Avoiding the in-laws isn't possible when they move across the street
Possibly even great -- and you can nudge it there by taking overdue steps toward owning who you are.
Meaning: No more excuses.
They never belonged in this relationship anyway. The aw-gee-sorry-stuck-at-work stuff is strictly for occasional use and/or with people you don't see often enough to warrant the effort to explain yourself. (If that; fibbing is hardly ideal.)
By using that approach constantly with your in-laws, you've left them to (a) conclude there's some bigger reason you're not coming, obviously, and (b) fill in the blanks themselves.

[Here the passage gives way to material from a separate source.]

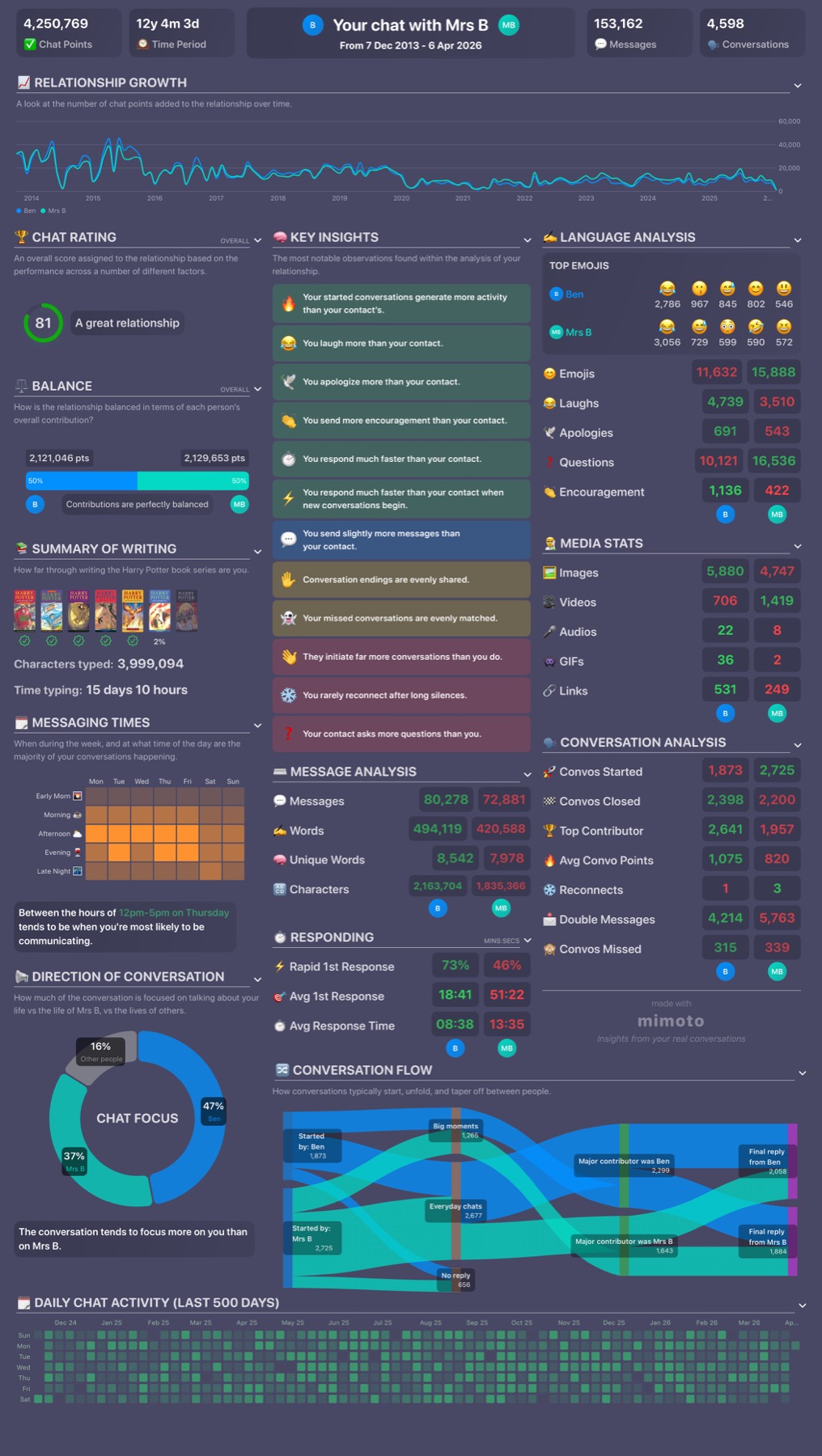 Mimoto relationship report dashboard showing relationship growth, chat rating, key insights, language analysis, response patterns, and conversation flow.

This invites them to think the worst: "She hates us," "She's cold," or some unholy blend of the two.
The truth is that you do like them and aren't saying no because of who they are; you say no because of who you are. So say that.
"I am an introvert. I love you guys; I just need more alone time than most people. That's why you see me only about one visit out of four."
Deputize your husband to reinforce this message in and about your absence. "You know how she is, social in small doses." Follow-up version: "She says 'hi' and will see you Friday."
The ideal time to bring this up was when you first joined the family, but the parents' move opens a small, natural window to speak up now.
Consistency is what makes a message like yours feel true. Be warm, be confident your ways are perfectly normal, and -- on your terms -- be present: Choose a fair visit frequency, then stick to it.